HORN%HYDRA@sdi.polaroid.COM (12/13/89)
Adding a checksum option with expanded size checksum (32, 64, ... bit) seems to be a reasonable way to start experimenting with error control algorithms for high speed networks. A similar experimental option for VMTP also seems reasonable. As transmission speeds increase I think that we will need to look more and more to forward error correction (FEC) techniques to replace ARQ techniques. With TCP, 64Kbit effective bandwidth, 250 msec end-to-end delays the ARQ impact on response time is modest and the buffering demands are low. At high bandwidth you have many megabytes in flight with corresponding major buffering demands. I would not be surprised to see the buffers move to disk or re-computation in some cases, with the result that a single ARQ has a very large performance impact. FEC techniques are improving steadily and are now in widespread use both within modems (typically convolution codes) and in media like CDROM (Reed Solomon codes). For the non-error case, there are table lookup approaches to RS (and some other) codes that reduce the computation load to 10-20 instructions per byte for a code that can withstand 0.001 ber. The computation needed to repair an error is much larger. These approaches only minimize the cost of generating and verifying checkwords. One of the important aspects of using FEC is a good characterization of the error modes of the telemetry system. This may be the most difficult aspect of introducing it into any large network. You do need to understand how errors occur, what are typical error burst sizes, deletion and insertion modes, etc. Examination of the system level tradeoffs would be worthwhile. FEC costs somewhat more CPU (rapidly getting cheaper) and uses a controllable percentage of the bandwidth (typically a few percent) while drastically reducing the needs for buffers at both ends. The extra cost for FEC at CDROM rates (about 1Mbit/s) is a few hundred dollars at most (retail pricing). FEC can always retreat to ARQ for cases beyond its ability to repair. R Horn horn%hydra@polaroid.com
mckenney@aai8.itstd.sri.com (Paul E. McKenney) (12/15/89)

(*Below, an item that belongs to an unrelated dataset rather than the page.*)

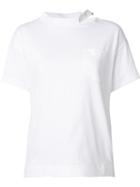 Sacai Belted Collar Pocket T-shirt, Women's, Size: 2, White, Cotton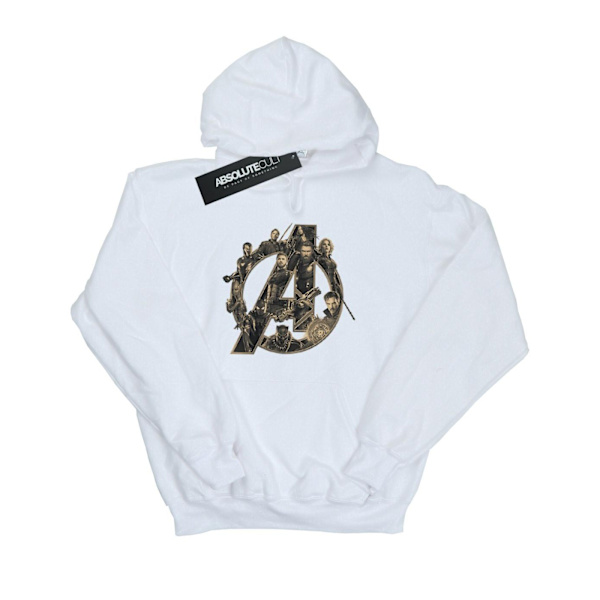 Avengers Infinity War Unisex Vuxen Logo Bomullströja 3XL Vit White 3XL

In article <0CEC4873D71F21B02A@sdi.polaroid.com> HORN%HYDRA@sdi.polaroid.COM writes: >[ . . . ] >As transmission speeds increase I think that we will need to look >more and more to forward error correction (FEC) techniques to >replace ARQ techniques. Nachum Shacham and I have recently written a paper on reducing the need for ARQ through use of FEC. The title is ``Packet Recovery in High-Speed Networks Using Coding and Buffer Management''; drop me a note with your USMail address if you would like a draft copy. Thanx, Paul
rpw3@rigden.wpd.sgi.com (Robert P. Warnock) (12/15/89)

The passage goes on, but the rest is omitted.